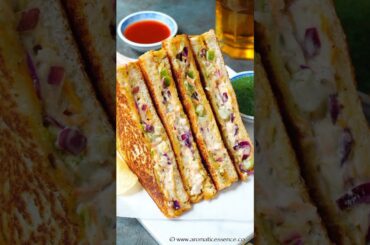 Snacks Ideas| Healthy Snacks ideas #easy #food #breakfastideas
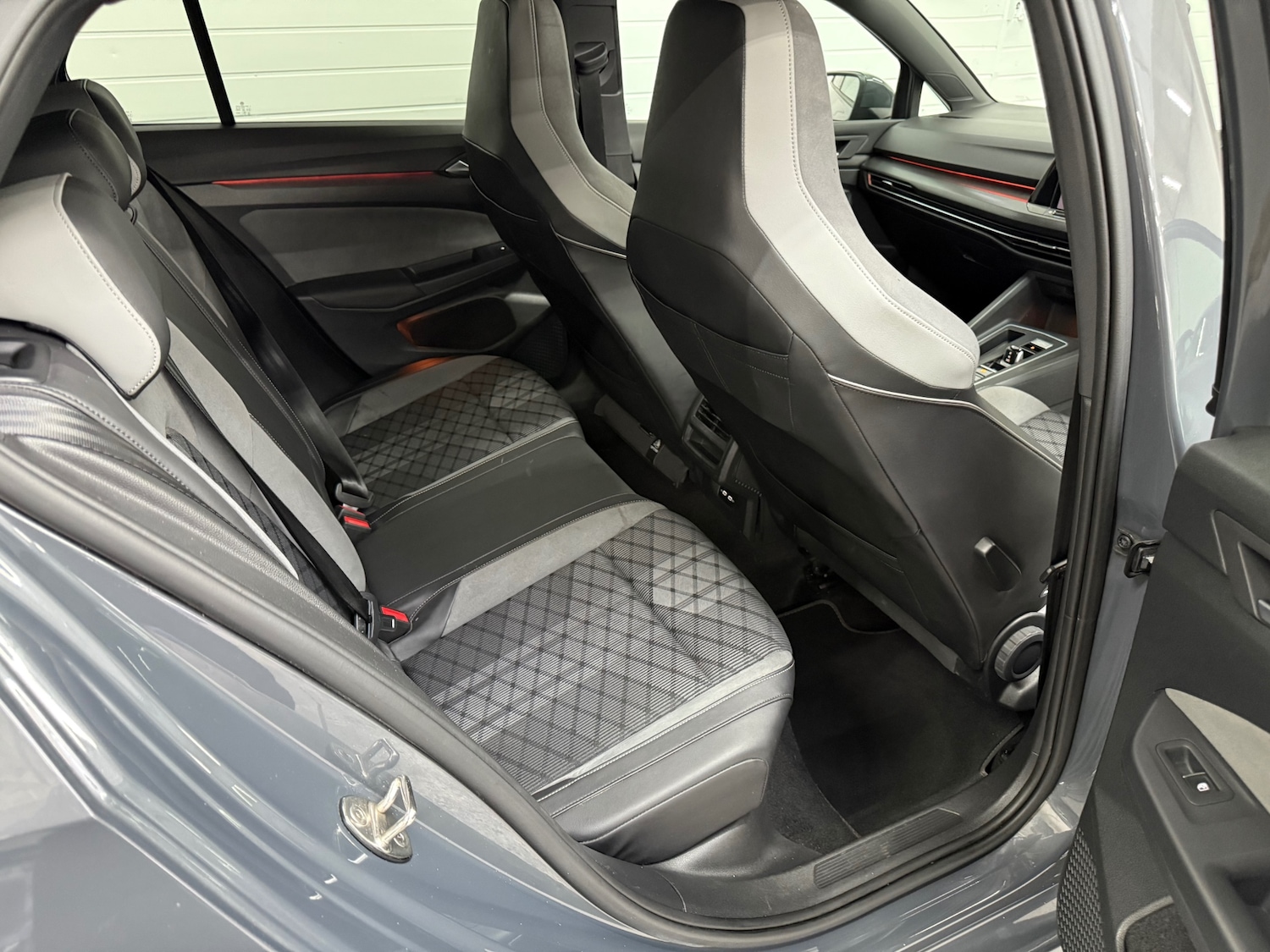 Used Volkswagen Golf 2021 for sale - 77450154: Photo 7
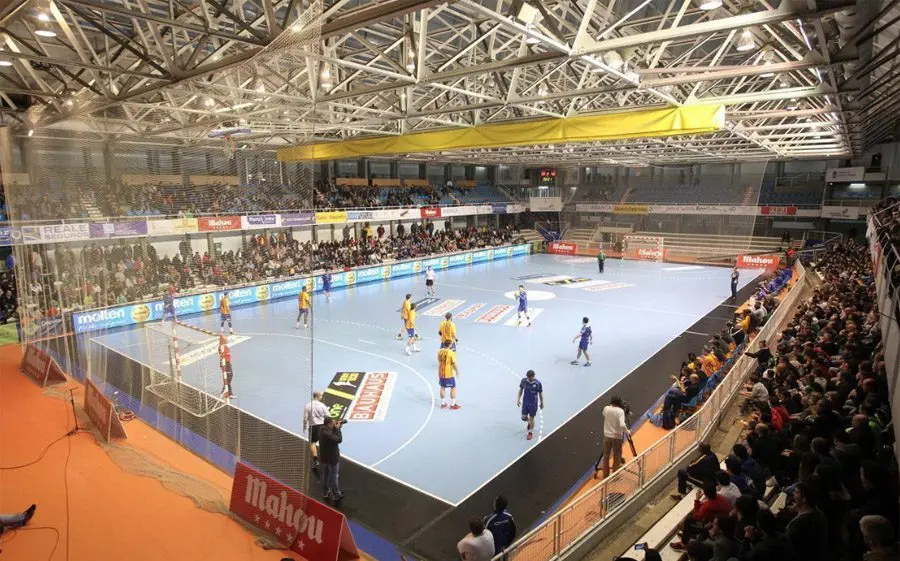 Fotos: diariodepontevedra.es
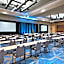 The Westin Irving Convention Center at Las Colinas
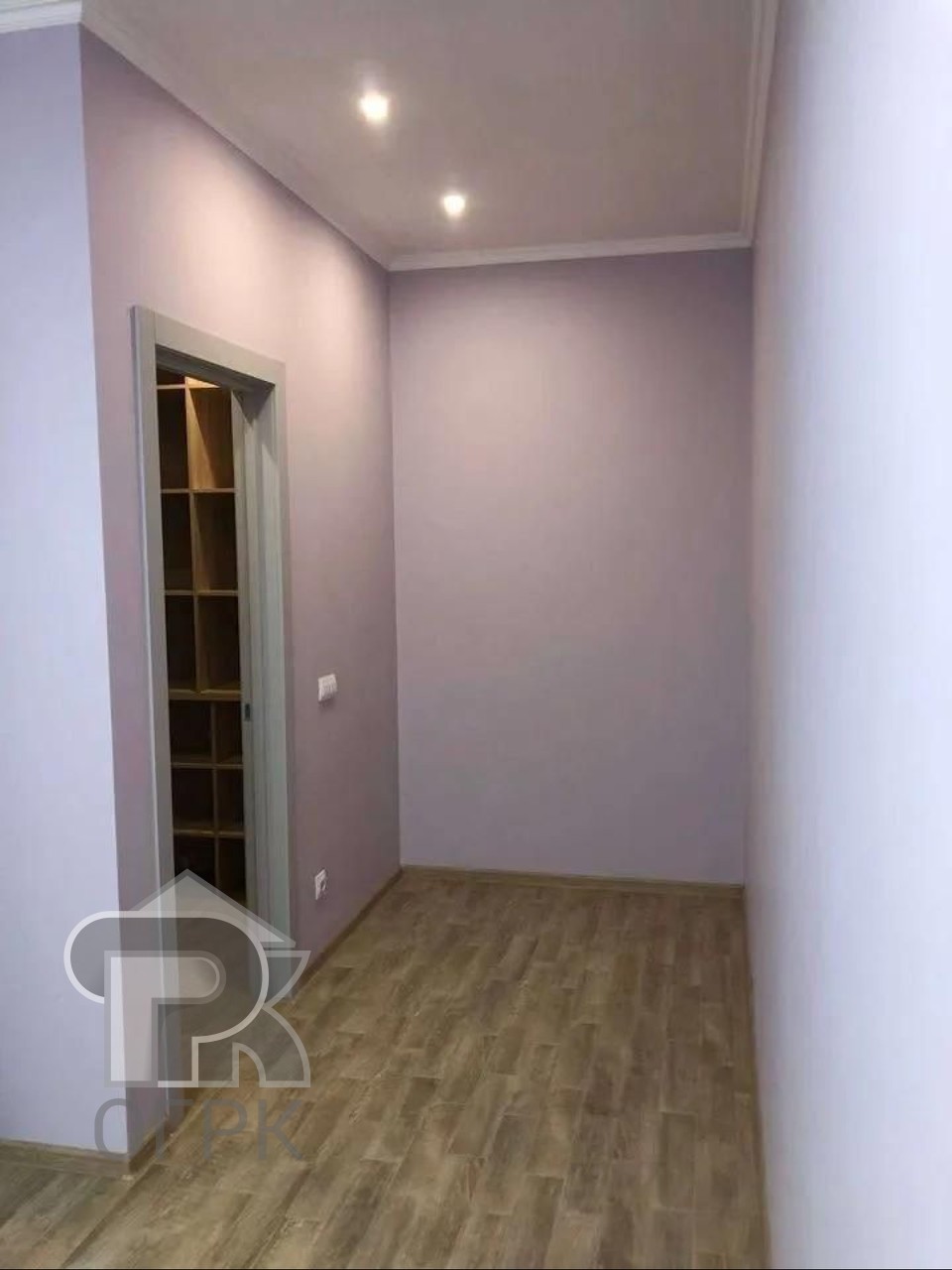 Купить 2-комнатную квартиру, №357575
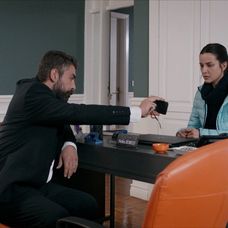 Zachránené životy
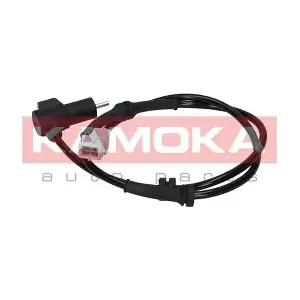 1060084 KAMOKA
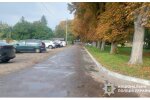 У Борисполі під час проходження військово-лікарської комісії помер чоловік. Що відомо про трагедію?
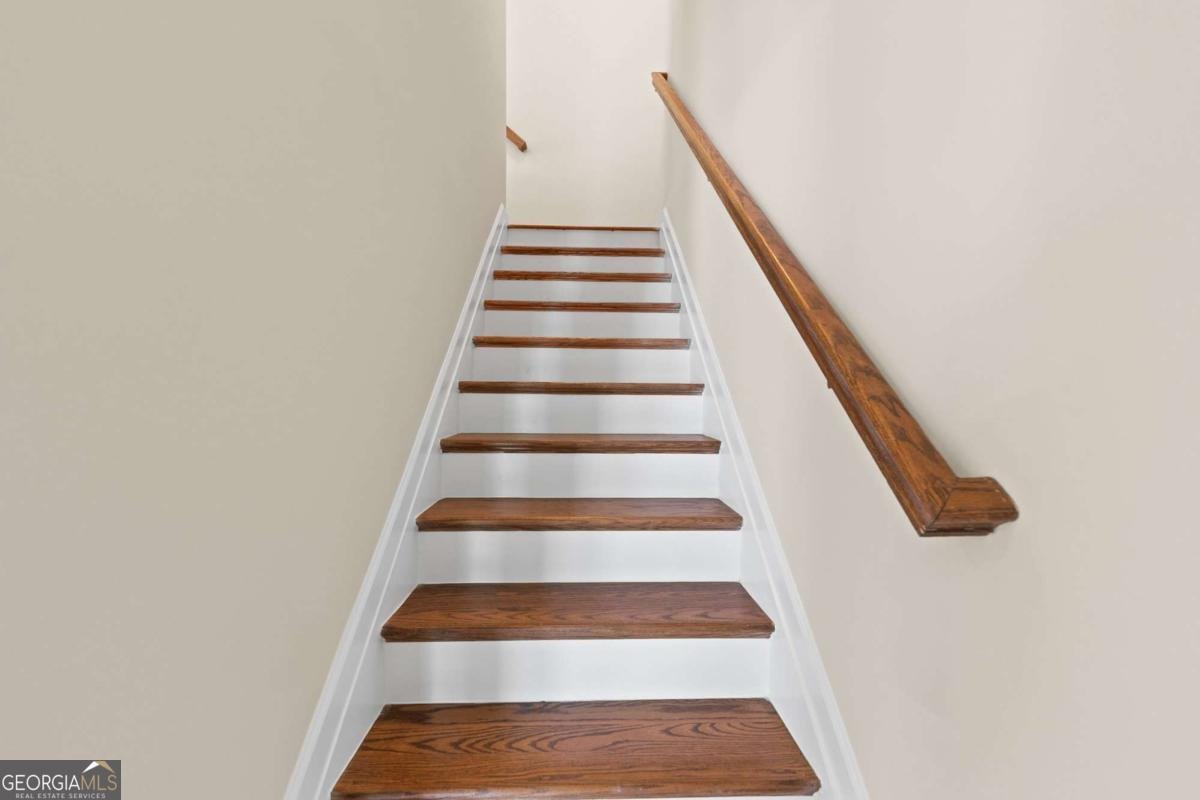 6029 Bartam Cove Duluth - Photo 20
....
Problem to solve
Set down every entry exactly; omit the pictures.

Result below
 Snacks Ideas| Healthy Snacks ideas #easy #food #breakfastideas
 Used Volkswagen Golf 2021 for sale - 77450154: Photo 7
 Fotos: diariodepontevedra.es
 The Westin Irving Convention Center at Las Colinas
 Купить 2-комнатную квартиру, №357575
 Zachránené životy
 1060084 KAMOKA
 У Борисполі під час проходження військово-лікарської комісії помер чоловік. Що відомо про трагедію?
 6029 Bartam Cove Duluth - Photo 20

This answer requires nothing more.